Je me bornerai aujourd'hui à rappeler trois des observations qui y figuraient : l'utilité d'un pas vers l'économie circulaire, qui doit permettre une croissance plus économe en matières premières non renouvelables ; la nécessité de prendre en compte les contraintes subies par les collectivités territoriales ; enfin les réserves motivées par un recours important aux actes délégués.

Depuis, le contexte a subi trois évolutions majeures : la nouvelle Commission européenne a retiré le premier paquet « Économie circulaire » ; ensuite, le Parlement français a adopté la loi du 17 août 2015 relative à la transition énergétique pour la croissance verte ; enfin, la Commission européenne a présenté le 2 décembre un ensemble de mesures dénommées « Boucler la boucle - Un plan d'action de l'UE pour l'économie circulaire ».

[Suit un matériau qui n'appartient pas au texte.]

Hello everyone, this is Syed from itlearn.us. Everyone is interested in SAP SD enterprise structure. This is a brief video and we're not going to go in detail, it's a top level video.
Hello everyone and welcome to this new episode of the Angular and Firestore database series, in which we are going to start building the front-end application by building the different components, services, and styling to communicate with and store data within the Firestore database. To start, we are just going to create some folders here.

Avec Claude Kern, nous avons examiné les propositions récentes venant de Bruxelles. L'avis motivé que nous vous soumettons aujourd'hui prend en compte l'évolution induite par la loi sur la transition énergétique, dont le titre IV est consacré à l'économie circulaire. Pour les collectivités territoriales, les dispositions proposées par la Commission européenne s'ajoutent à celles déjà inscrites dans notre droit interne depuis bientôt six mois.

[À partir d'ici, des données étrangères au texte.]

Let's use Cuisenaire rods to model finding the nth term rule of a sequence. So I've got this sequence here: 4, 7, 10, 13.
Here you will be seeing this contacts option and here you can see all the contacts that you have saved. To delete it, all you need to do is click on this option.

En pratique, la seule disposition normative directement européenne susceptible de toucher les collectivités territoriales françaises concerne la mise à la décharge des déchets municipaux qui sera plafonnée à 10 % du poids total de ces déchets à l'horizon 2030. La loi française adoptée en août 2015 est quelque peu différente, puisqu'elle impose que les déchets municipaux non dangereux non inertes admis en installations de stockage diminuent de 30 % à l'horizon 2020 et de 50 % en 2025 par rapport aux constatations de 2010.

J'ajoute que la loi de transition énergétique est plus complète dans son approche de l'économie circulaire, notamment parce qu'elle utilise la commande publique pour stimuler le recyclage, via l'obligation faite à l'État, aux collectivités territoriales et leurs groupements d'utiliser du papier bureautique partiellement recyclé. De même, les matériaux utilisés dans les chantiers publics de construction routiers devront largement provenir de déchets, à concurrence de 60 % à partir de 2020.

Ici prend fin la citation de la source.